Cameroun, prisons Yabassi et Edéa: Les détenus dorment sur des cartons

La plupart des détenus des prisons principales de Yabassi et d’Edéa dorment sur des cartons, des planches ou des nattes. Faute de lits et de matelas, et en violation flagrantes des règles minima de détention.

 

Bientôt trente minutes qu’il s’étire dans tous les sens comme si ses articulations étaient rouillées. Du haut de son 1m80, Boteng Motassi, torse nu, se frotte inlassablement les paupières recouvertes de chassie pour tenter de repousser le sommeil, tandis que certains de ses codétenus s’agitent et crient dans la cour de la prison principale de Yabassi. Après une journée de corvée, la nuit de Boteng a été courte. « Je dors avec un autre prisonnier sur un morceau de carton. Il faut se retourner plusieurs fois parce que quand on dort sur un même côté pendant longtemps, le corps fait mal. Je n’avais pas assez de force pour faire ces mouvements, donc je n’ai pas vraiment  dormi », explique le détenu.

Sur des étagères

Incarcéré à la prison principale d’Edéa, Hamidou préfèrerait des cartons aux planches, disposées en étagères, sur  lesquelles il est contraint de dormir. Dans ce pénitencier, femmes, adultes, mineurs passent tous la nuit sur les planches. « Certains les couvrent avec des nattes ou de vieux matelas pour avoir moins mal. J’aurais aimé posséder seulement quelques cartons mais il faut tout acheter », indique, impuissant, Hamidou.

A la prison principale de Yabassi comme à celle d’Edéa, le constat est le même. En l’absence de lits et de matériels de couchage appropriés, la plupart des détenus dorment sur des planches, des morceaux de carton ou des nattes. Selon Ngalani Romuald, le régisseur, ces matériels sont donnés par des âmes de bonne volonté. « En 2007, une association féminine nous a fait un don de matelas. Seulement, ils sont tous aplatis. Mais, nous continuons de les utiliser faute de mieux. Pour le reste, ce sont les détenus ou leurs familles qui apportent des nattes et des morceaux de carton », dévoile le régisseur.

Mal de dos

A l’exception des femmes et des personnes âgées qui disposent d’un lit dans leur cellule, ces mauvaises conditions de couchage touchent environ cent des cent quinze détenus de cette prison. Au fil du temps, elles mettent leur santé en péril. « Je ne peux plus aller en corvée parce que j’ai un mal de dos qui ne me quitte plus. Je prends de temps à autre des antibiotiques pour le combattre sans succès », raconte un prisonnier.

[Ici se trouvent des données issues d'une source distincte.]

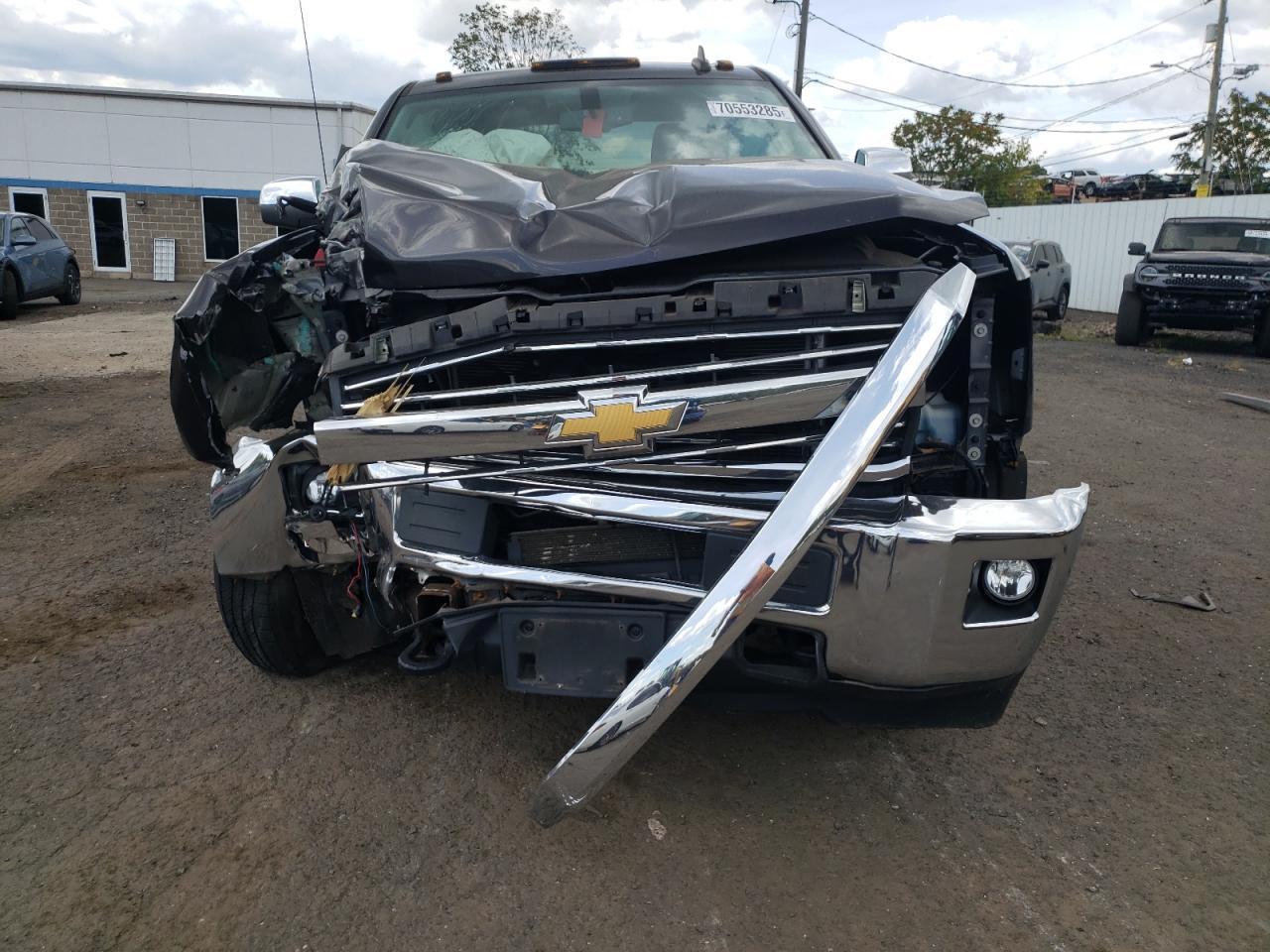 2015 CHEVROLET Silverado
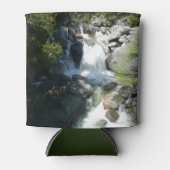 Cascade Falls in Yosemite National Park Blikjeskoeler (Voorkant)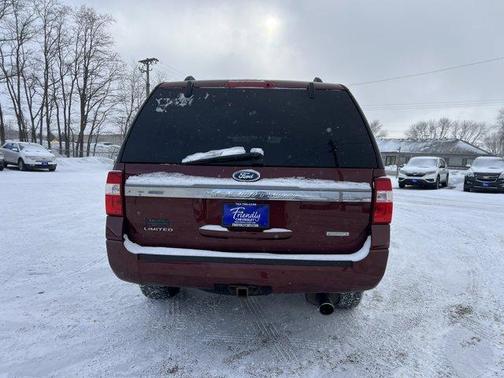 2015 Ford Expedition EL Limited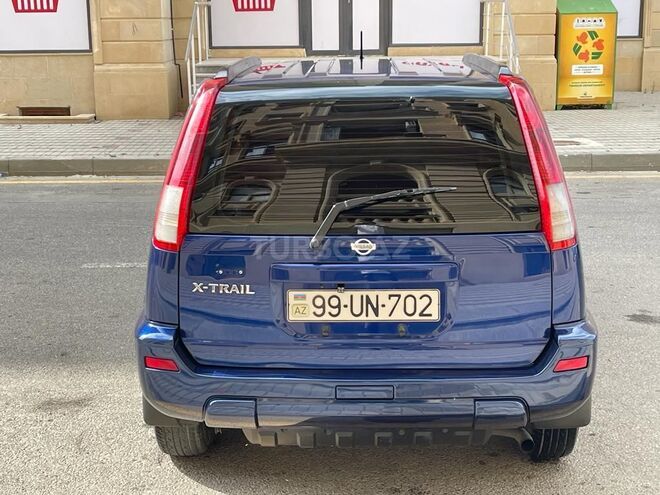 Nissan X-Trail 2002, 231,125 km - 2.0 л - Sumqayıt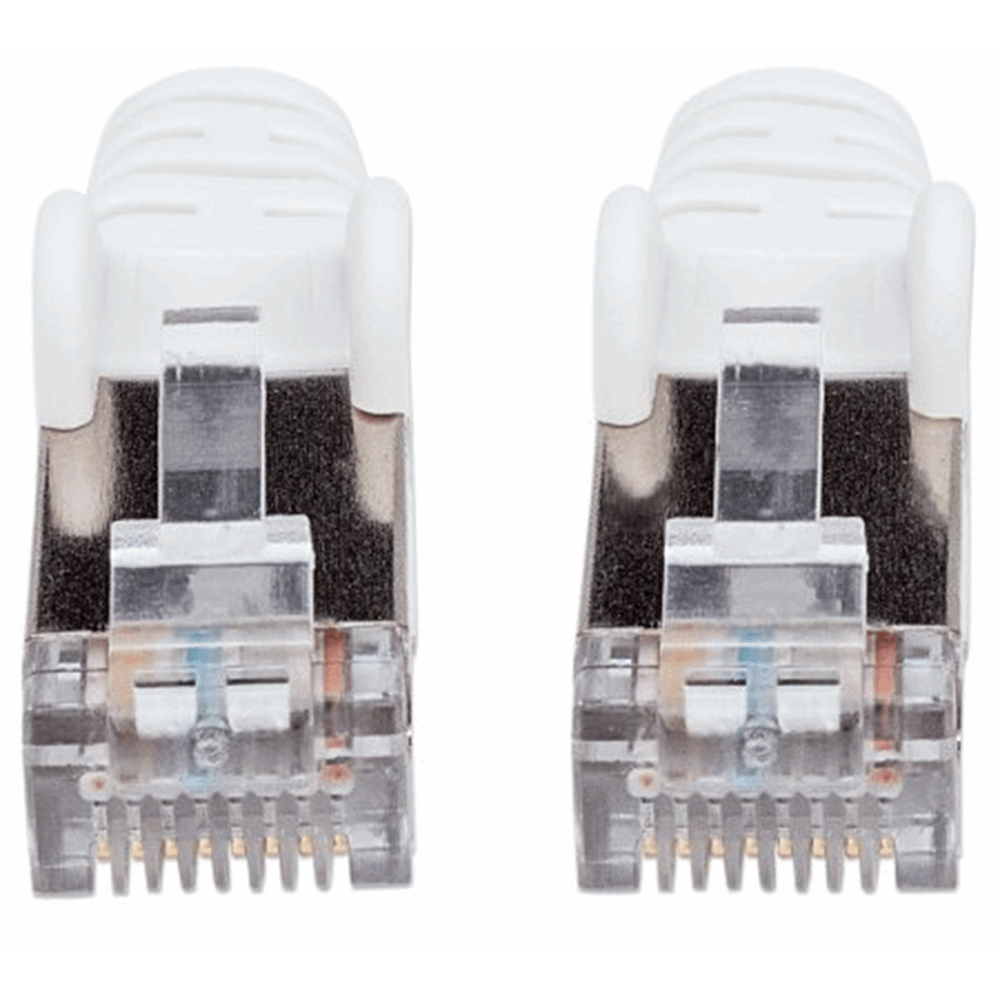 LSOH Network Cable, Cat6, SFTP White, 30 m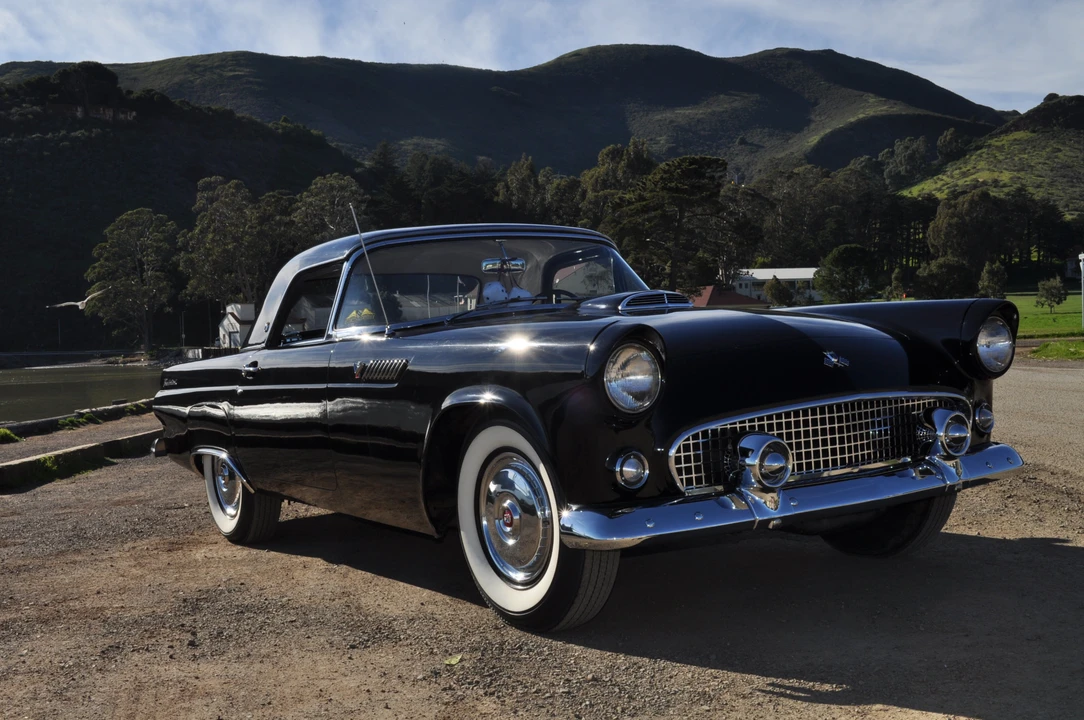 1955 Ford Thunderbird 1st Gen - Image 3 of 31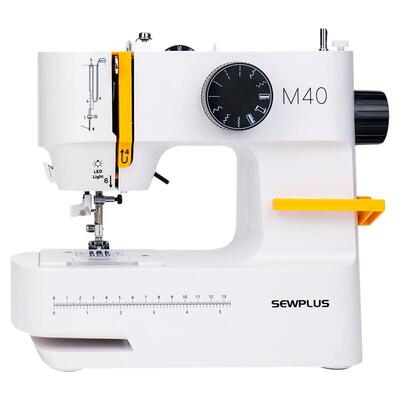太米缝纫机M40家用小型全自动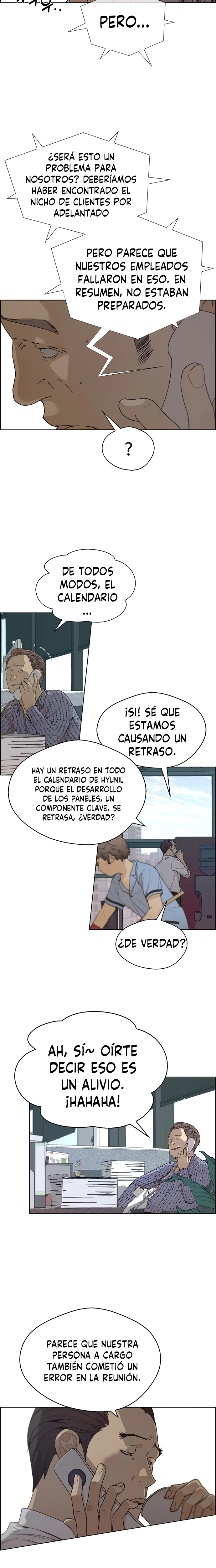 Hombre de Verdad Capítulo 66 - Page 8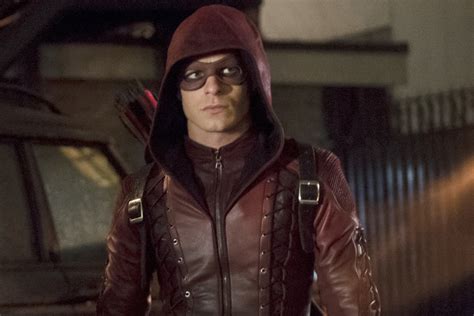 Arrow's Young Roy Harper to Return in Present-Day Storyline - TV Guide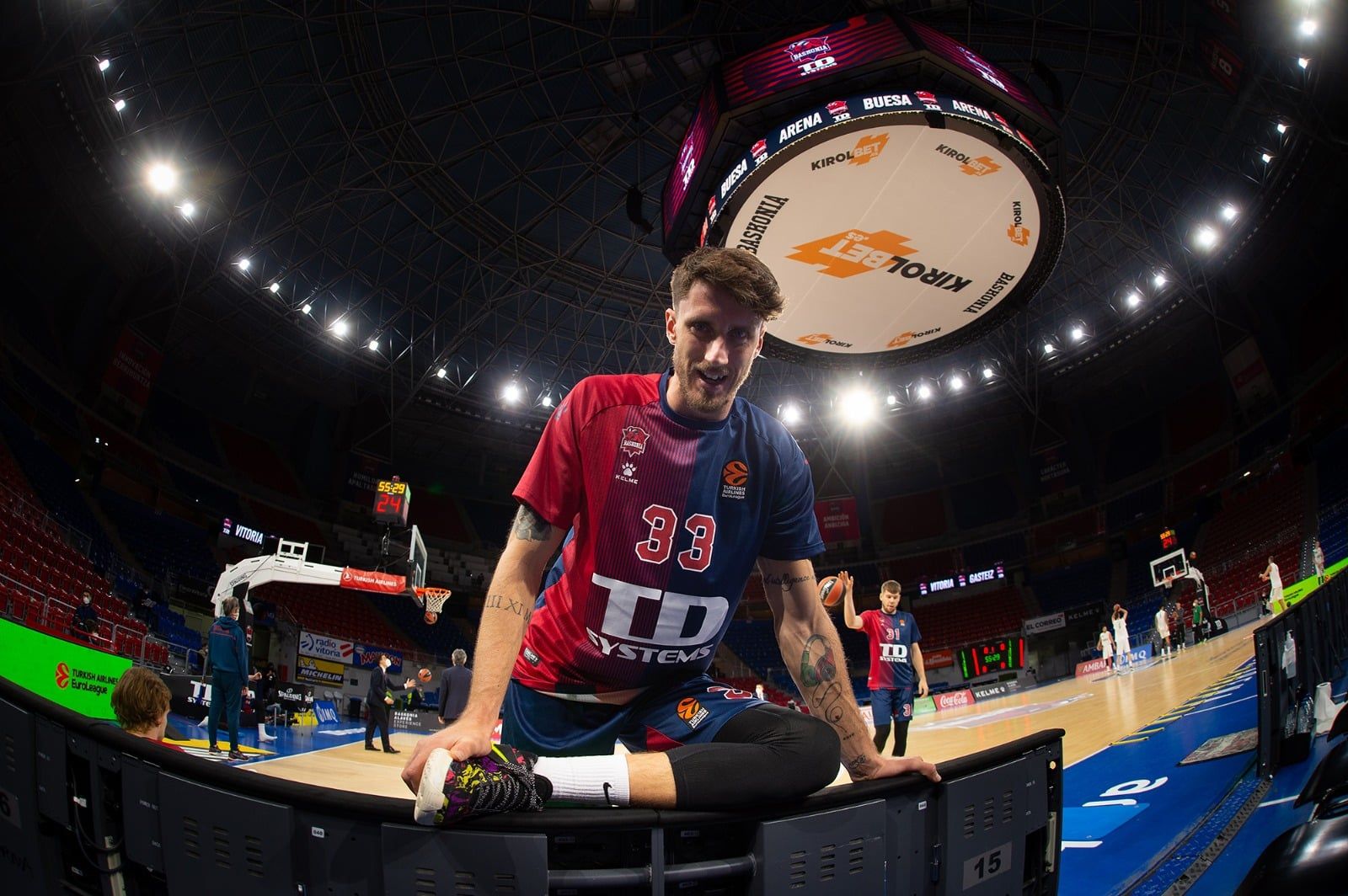 baskonia kelme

Après avoir dormi pendant plusieurs années sur les planches, Nitti Marceline, 17 ans, traîne des bobos qui l’inquiètent. « Tout le temps, on se réveille avec les muscles endoloris. On dit souvent au chef mais on ne nous donne rien. C’est un prêtre qui nous apporte des médicaments. Même si on se soigne, on sera toujours malade parce qu’on va revenir dormir au même endroit », s’inquiète la jeune pensionnaire de la prison principale d’Edéa.

« Traitements inhumains »

Les détenus ne sont pas les seuls à décrier leurs conditions de couchage déplorables. Les défenseurs des droits de l’Homme y voient un calvaire inacceptable. « Ce sont des cas de traitements inhumains et dégradants interdits par les conventions internationales et les lois nationales notamment la constitution qui, en son préambule, dit que toute personne a droit à la vie et à l’intégrité physique et morale ; elle doit être traitée en toute circonstance avec humanité ; en aucun cas, elle ne peut être soumise à la torture, à des peines ou traitements cruels, inhumains et dégradants », indique Maître Sterling Minou, avocat au Barreau du Cameroun.

Conscientes de la gravité de la situation, les deux administrations pénitentiaires incriminées ont, à leur tour, perdu le sommeil. Elles relancent régulièrement l’Etat pour demander que chaque détenu dispose d’un lit individuel et d’une literie individuelle suffisante, entretenue convenablement et renouvelée de façon à en assurer la propreté, comme le conseillent les Nations Unies.